In the first news release the Colorado Department of Public Health and Environment sent out about a monkeypox case, it noted that men who have sex with men and people who have traveled internationally were “currently at a higher risk for monkeypox exposure.”

In its second news release, sent a day later, the agency tweaked the wording a bit, writing: “Epidemiological data on recent cases suggest there may be a heightened risk for people who have recently traveled to a country where monkeypox has been reported or men who have sex with other men.”

That change, essentially dropping the words “currently” and “exposure” when describing risk, led Colorado WINS, the state employee union, to issue a statement blasting the agency.

“This is a misleading phrase that may guide the public to believe this disease may only be spread between gay men,” the union wrote. “Language like this stigmatizes the LGBTQ community and stokes unnecessary fear which could isolate people from seeking treatment, or even incite violence against certain communities.”

“Everyone is very sensitive to that,” said Dr. Daniel Pastula, a professor of neurology, infectious disease and epidemiology at the University of Colorado School of Medicine. “We want to make sure everyone knows that monkeypox is not a gay disease, it’s not isolated to the gay community.”

The messaging around monkeypox has been hotly debated nationally, as well — especially when it comes to whether public health officials should advise people to abstain from sex or reduce their number of partners.

A senior epidemiologist in New York City spoke out publicly against the city public health department’s messaging on monkeypox, arguing that it should be more direct in telling men who have sex with men to reduce their number of partners. He was later reassigned, a move he called retaliation.

Both the World Health Organization and the U.S. Centers for Disease Control and Prevention have now urged people to consider limiting their sexual partners and avoiding sex parties. But for some activists, the focus on gay men especially has been a repeat of the mistakes of HIV, while for others, the messaging that “anyone can be infected by monkeypox” is dangerously imprecise.

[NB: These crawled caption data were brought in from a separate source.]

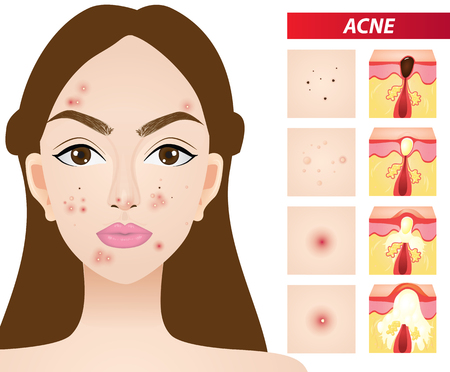 Types of acne vector illustrationのイラスト素材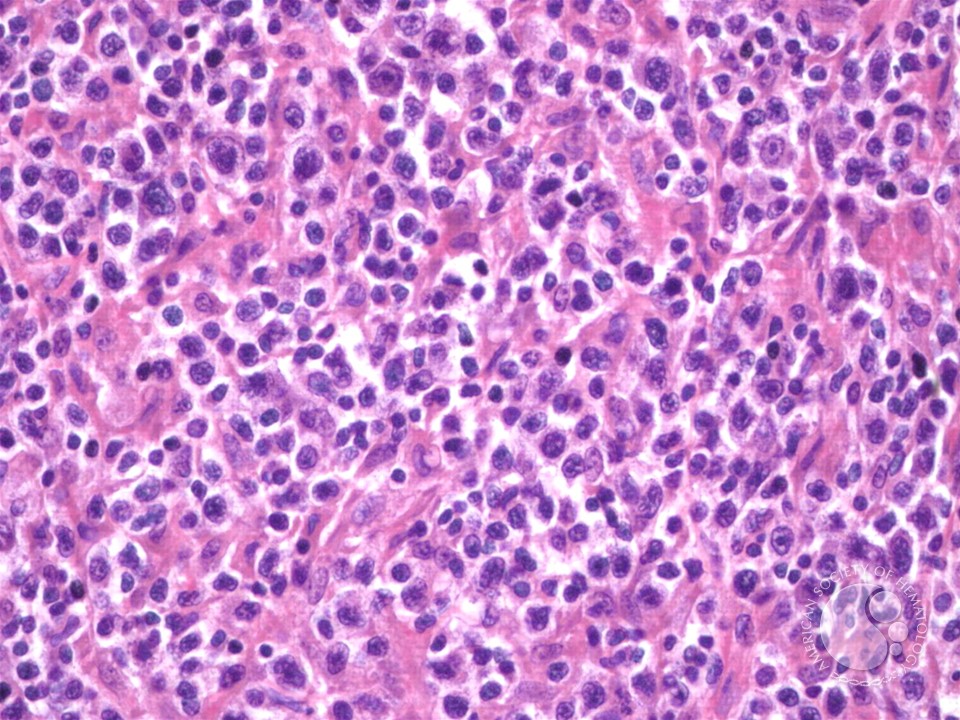Peripheral T Cell Lymphoma, NOS - 1.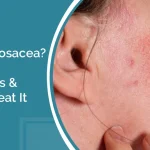 What Is Rosacea? Causes, Symptoms & How to Treat It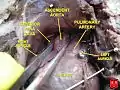 Aorta ascendente fetal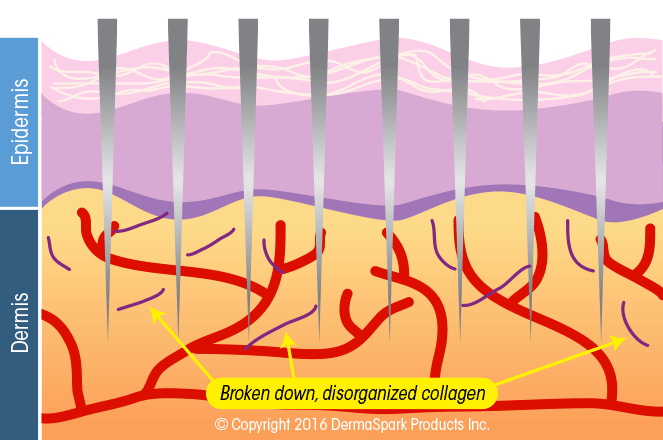 1-micro-needling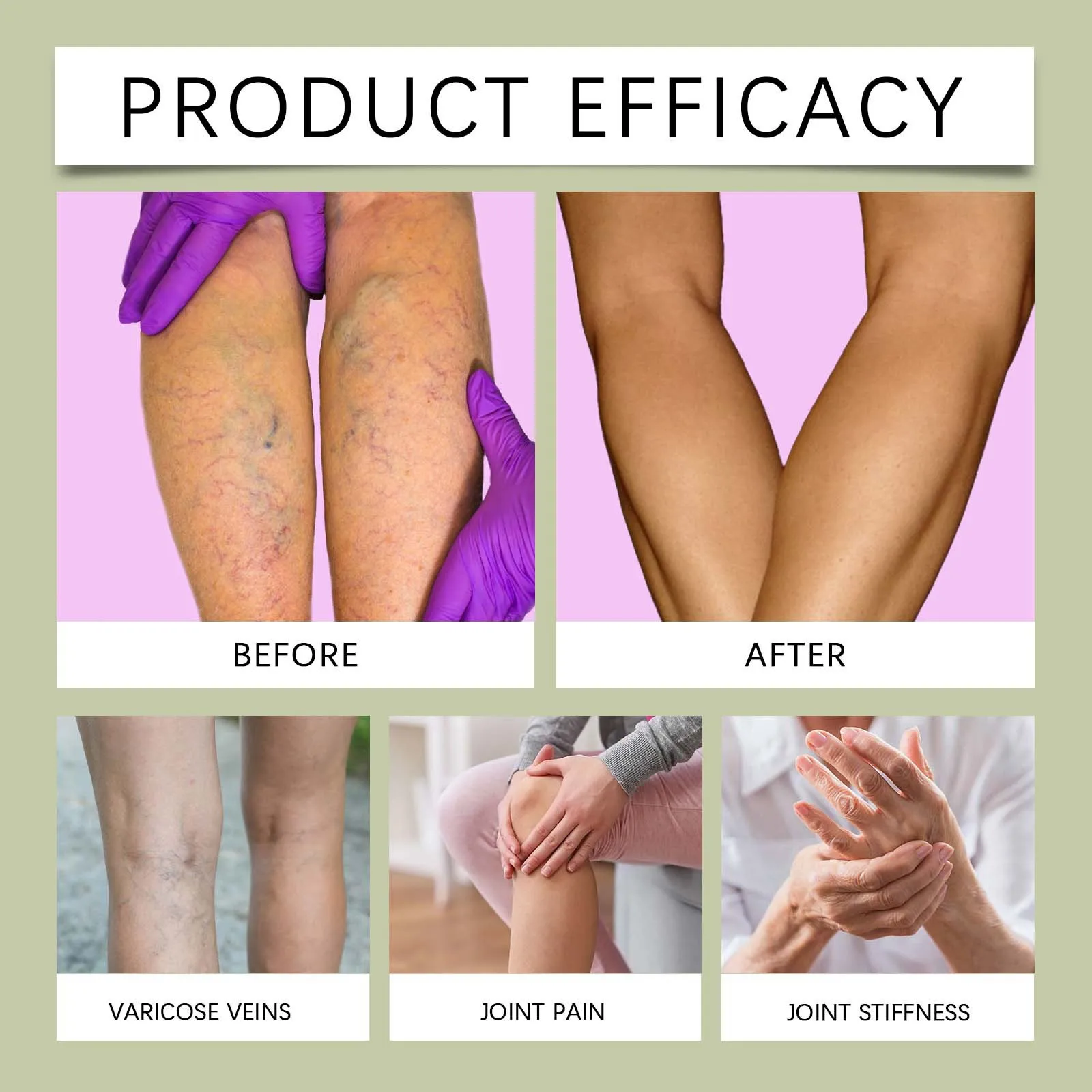 Крем для восстановления варикозного расширения вен эффективный крем лечения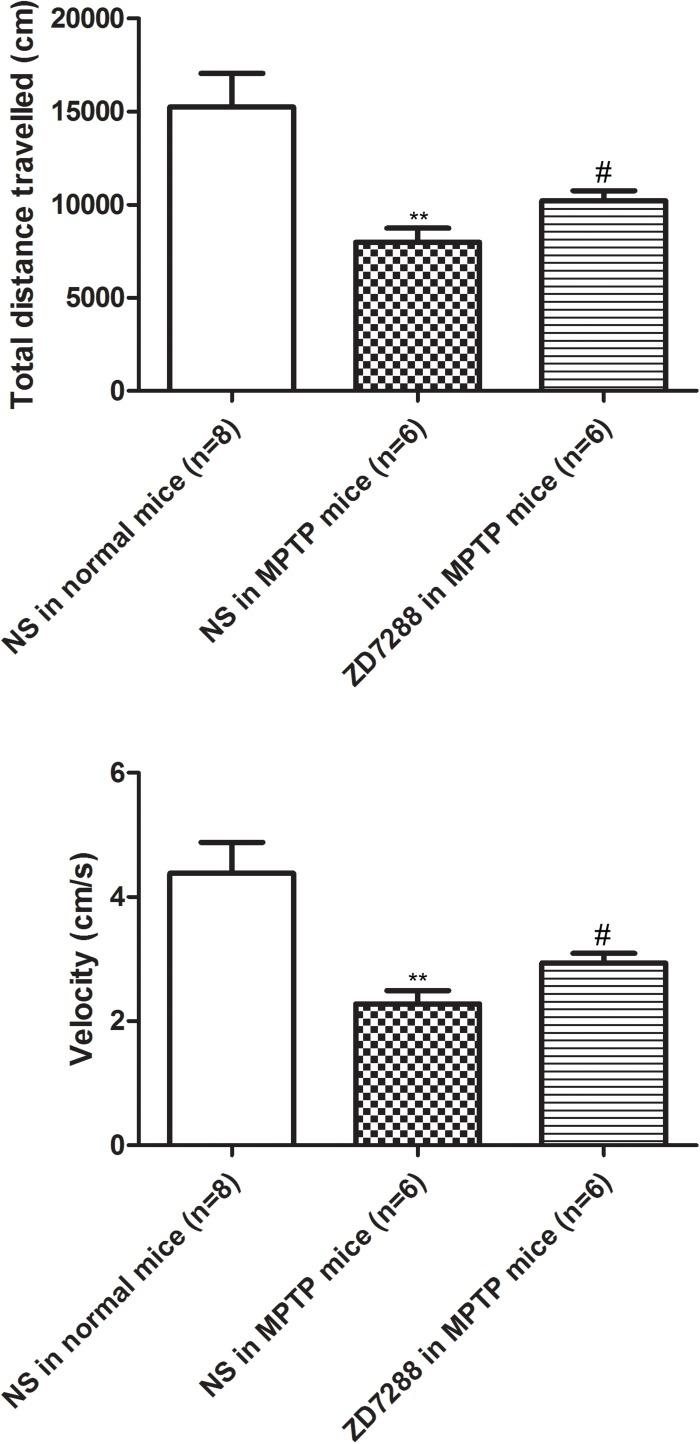 https://cdn.ncbi.nlm.nih.gov/pmc/blobs/8bc0/6670024/1da1c41c11ae/fnagi-11-00190-g006.jpg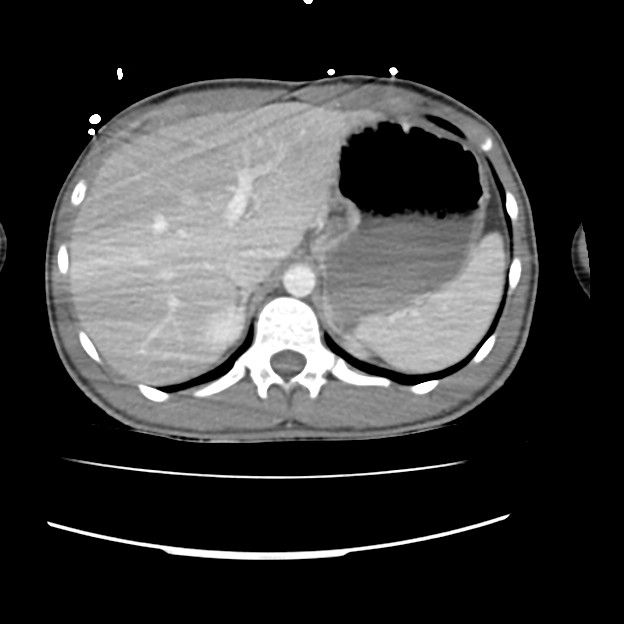 File:Normal dual-phase trauma CT chest,abdomen and pelvis (Radiopaedia ...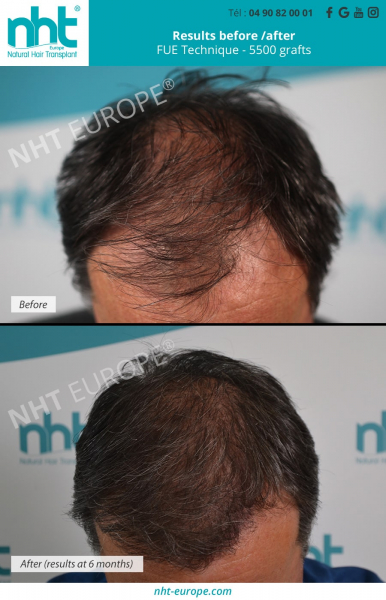 natural-hair-transplant-5500-grafts-man-hairloss-solution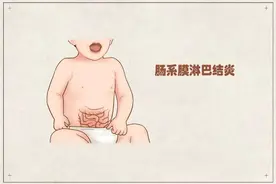 所有家长警惕！孩子肚子痛，可能是「肠系膜淋巴结炎 」惹的祸图片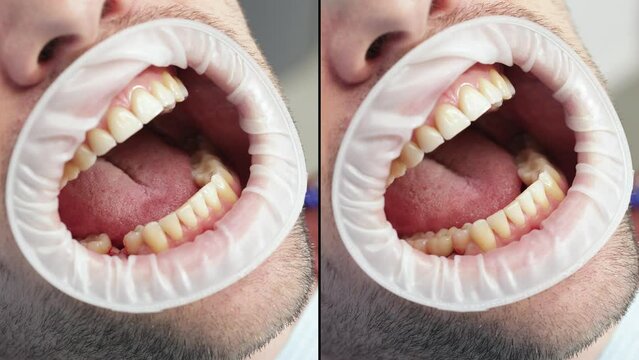 Before and after dental tooth implantation. Split screen. Dental surgery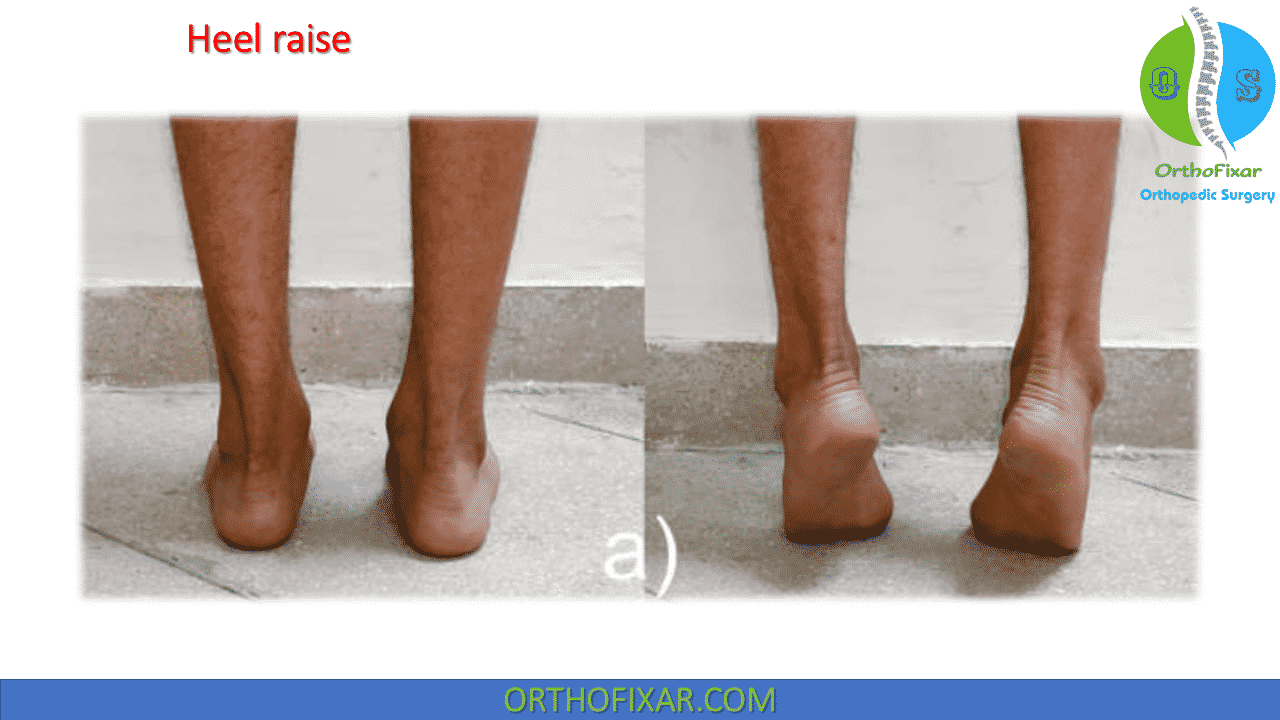 Details more than 112 heel rise test physical therapy super hot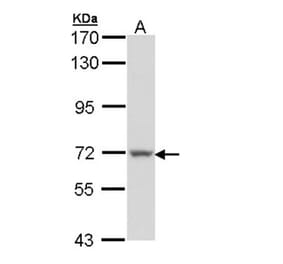 Protein S antibody from Signalway Antibody (22939) - Antibodies.com
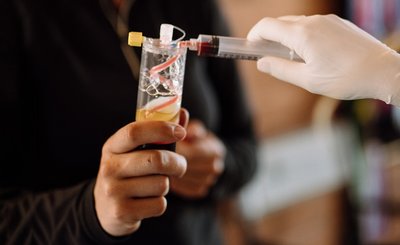Gloved veterinary professional preparing a blood-derived regenerative medicine product.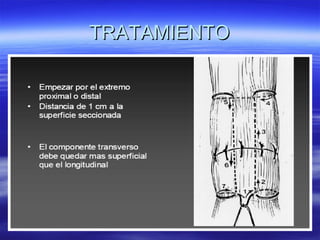 TTRRAATTAAMMIIEENNTTOO 
 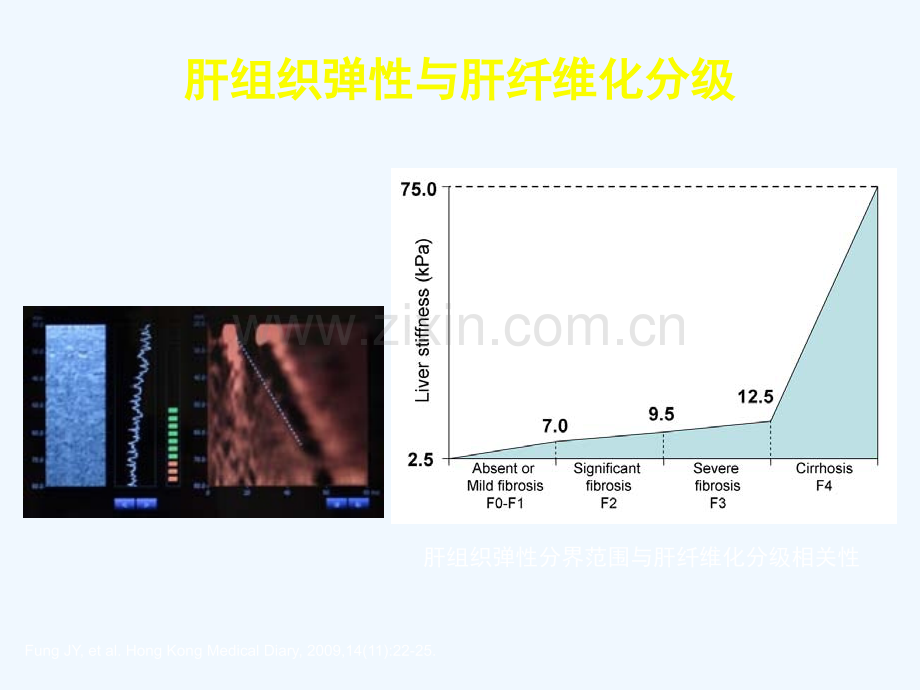 乙肝肝硬化并发症的处理.ppt_第3页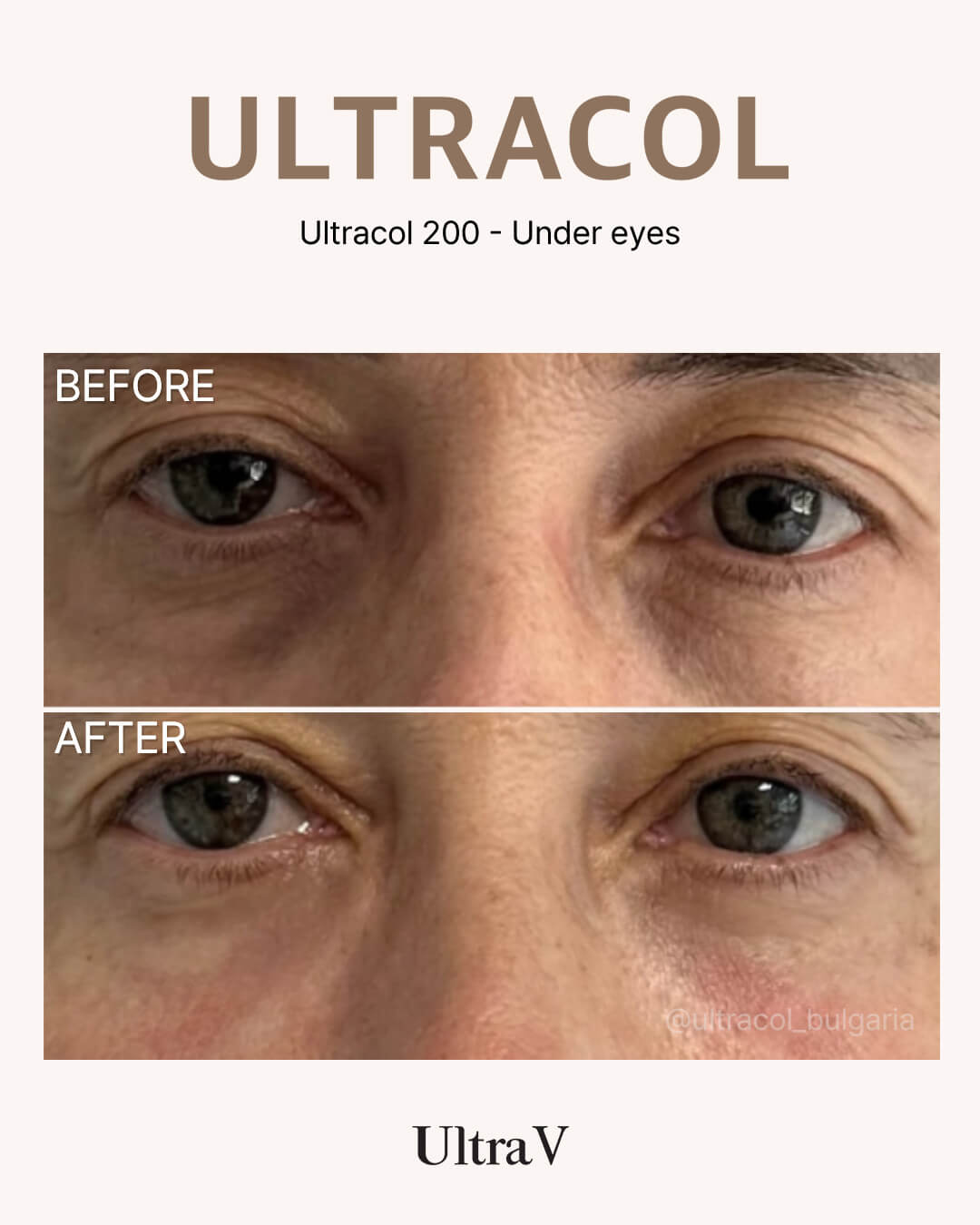 ウルトラコール症例写真5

“To avoid accusations of homophobia they didn’t send this message, which resulted in a lot of pain and suffering for gay and bi men,” the columnist, podcaster and LGBTQ community advocate Dan Savage wrote on Twitter last month, referencing the hesitancy by public health officials to advise gay men to limit their sexual partners.

CDPHE has mentioned the CDC guidance, but Herlihy and others have largely avoided the topic during media briefings, instead sticking to their approach of just providing facts.

Getting back to the basics

To step back from this sometimes heated debate, Pastula, the CU infectious disease professor, recommends returning to the basics.

He lays out a five-point plan: tell the truth; give preliminary information but make clear it’s just preliminary; promote action by people affected; involve input from the community; and combat misinformation as it arises.

“It’s always good to say, well, we have a problem,” Pastula said. “Now here are some suggestions on how to respond to that problem or prevent that problem from happening.”

That message could also vary based on the intended audience, said Mays, the health systems expert. When focused on communities specifically impacted, Mays said the messaging can be more direct and targeted. But when speaking to the community at large, he said it is best practice for the message to be inclusive.

“So framing it with an ‘all of us’ perspective is one of the recommended strategies to avoid stigmatization,” he said.

That explains why public health officials and LGBTQ advocates like Bridges have preferred the messaging on monkeypox to remain broad. While the virus is currently affecting the LGBTQ community disproportionately, that could change. And that makes the cost of focusing just on one community too risky, both in terms of public health and in terms of inclusion.

“We want people to know that everyone should be paying attention,” Bridges said. She added later: “What we don’t want is anyone to take this information and use it to harm our community.”